Brief:
Pictures stay out. All the rest of the records must be repeated exactly.

· · · · · · ·

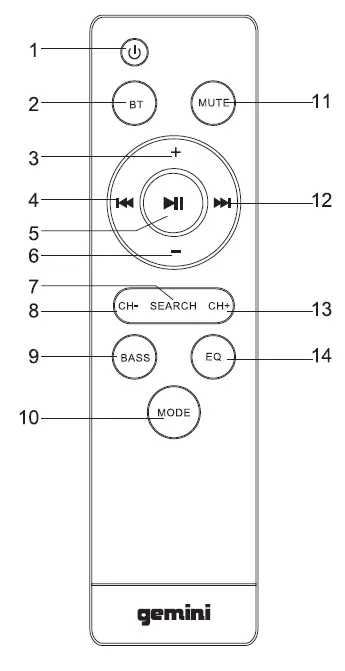 gemini-GHK-2800-Bluetooth-Speaker-System-w-LED-Party Lighting-FIG-2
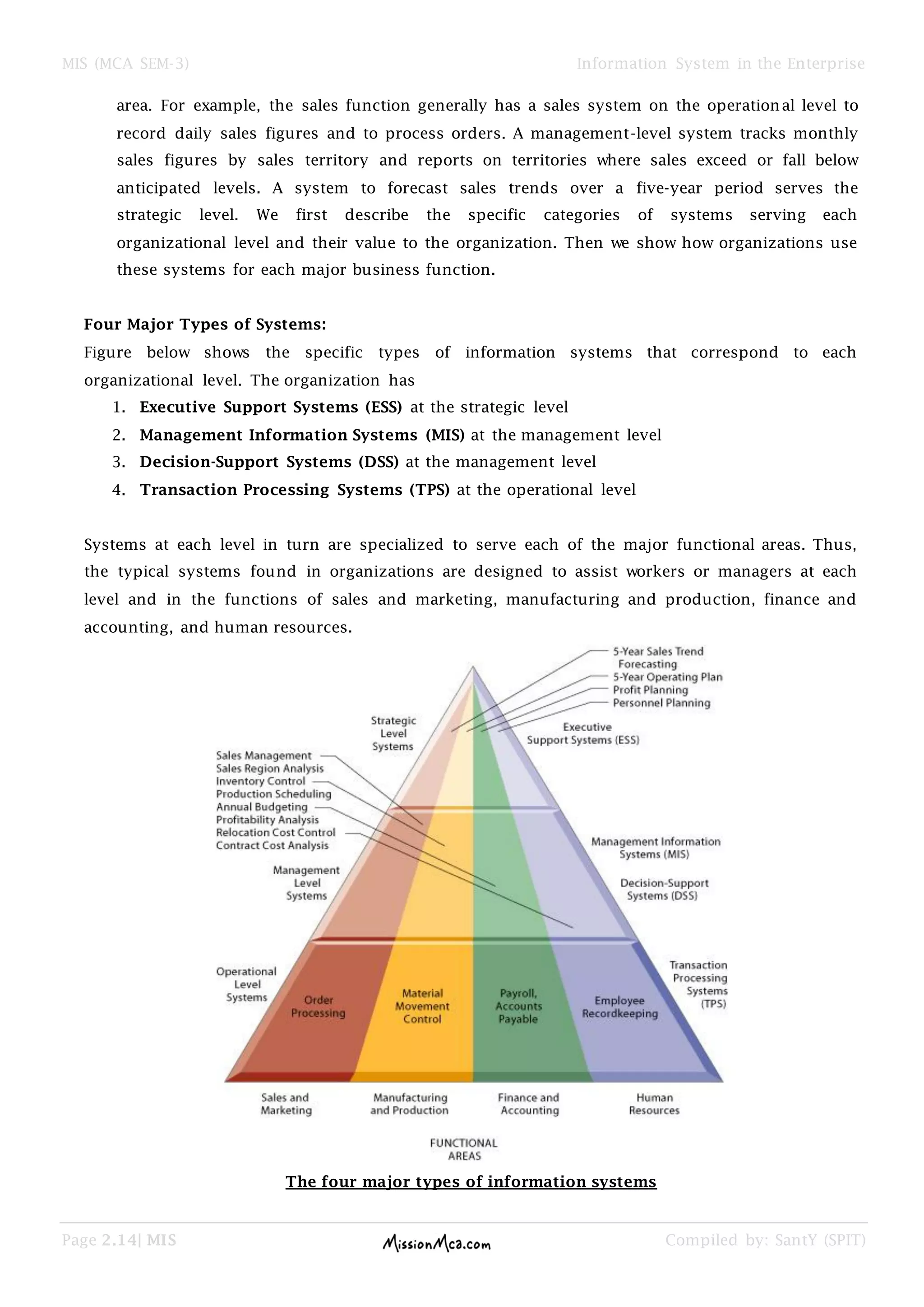 MIS (MCA SEM-3) Information System in the Enterprise
Page 2.14| MIS Compiled by: SantY (SPIT)
area. For example, the sales function generally has a sales system on the operational level to
record daily sales figures and to process orders. A management-level system tracks monthly
sales figures by sales territory and reports on territories where sales exceed or fall below
anticipated levels. A system to forecast sales trends over a five-year period serves the
strategic level. We first describe the specific categories of systems serving each
organizational level and their value to the organization. Then we show how organizations use
these systems for each major business function.
Four Major Types of Systems:
Figure below shows the specific types of information systems that correspond to each
organizational level. The organization has
1. Executive Support Systems (ESS) at the strategic level
2. Management Information Systems (MIS) at the management level
3. Decision-Support Systems (DSS) at the management level
4. Transaction Processing Systems (TPS) at the operational level
Systems at each level in turn are specialized to serve each of the major functional areas. Thus,
the typical systems found in organizations are designed to assist workers or managers at each
level and in the functions of sales and marketing, manufacturing and production, finance and
accounting, and human resources.
The four major types of information systems
 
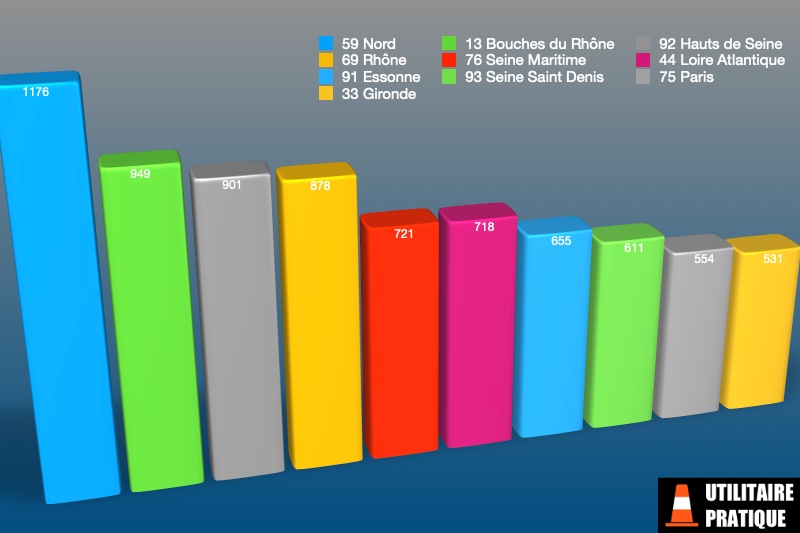 departements avec le plus gros volume d immatriculation de camionnettes et fourgons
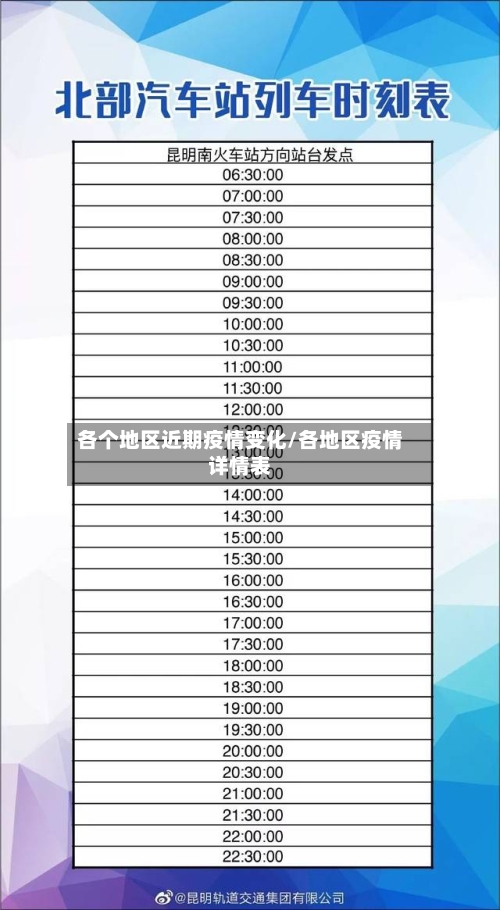 各个地区近期疫情变化/各地区疫情详情表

· · · · · · ·

Solution to this task:
 gemini-GHK-2800-Bluetooth-Speaker-System-w-LED-Party Lighting-FIG-2
 MIS (MCA SEM-3) Information System in the Enterprise
Page 2.14| MIS Compiled by: SantY (SPIT)
area. For example, the sales function generally has a sales system on the operational level to
record daily sales figures and to process orders. A management-level system tracks monthly
sales figures by sales territory and reports on territories where sales exceed or fall below
anticipated levels. A system to forecast sales trends over a five-year period serves the
strategic level. We first describe the specific categories of systems serving each
organizational level and their value to the organization. Then we show how organizations use
these systems for each major business function.
Four Major Types of Systems:
Figure below shows the specific types of information systems that correspond to each
organizational level. The organization has
1. Executive Support Systems (ESS) at the strategic level
2. Management Information Systems (MIS) at the management level
3. Decision-Support Systems (DSS) at the management level
4. Transaction Processing Systems (TPS) at the operational level
Systems at each level in turn are specialized to serve each of the major functional areas. Thus,
the typical systems found in organizations are designed to assist workers or managers at each
level and in the functions of sales and marketing, manufacturing and production, finance and
accounting, and human resources.
The four major types of information systems
 
 departements avec le plus gros volume d immatriculation de camionnettes et fourgons
 各个地区近期疫情变化/各地区疫情详情表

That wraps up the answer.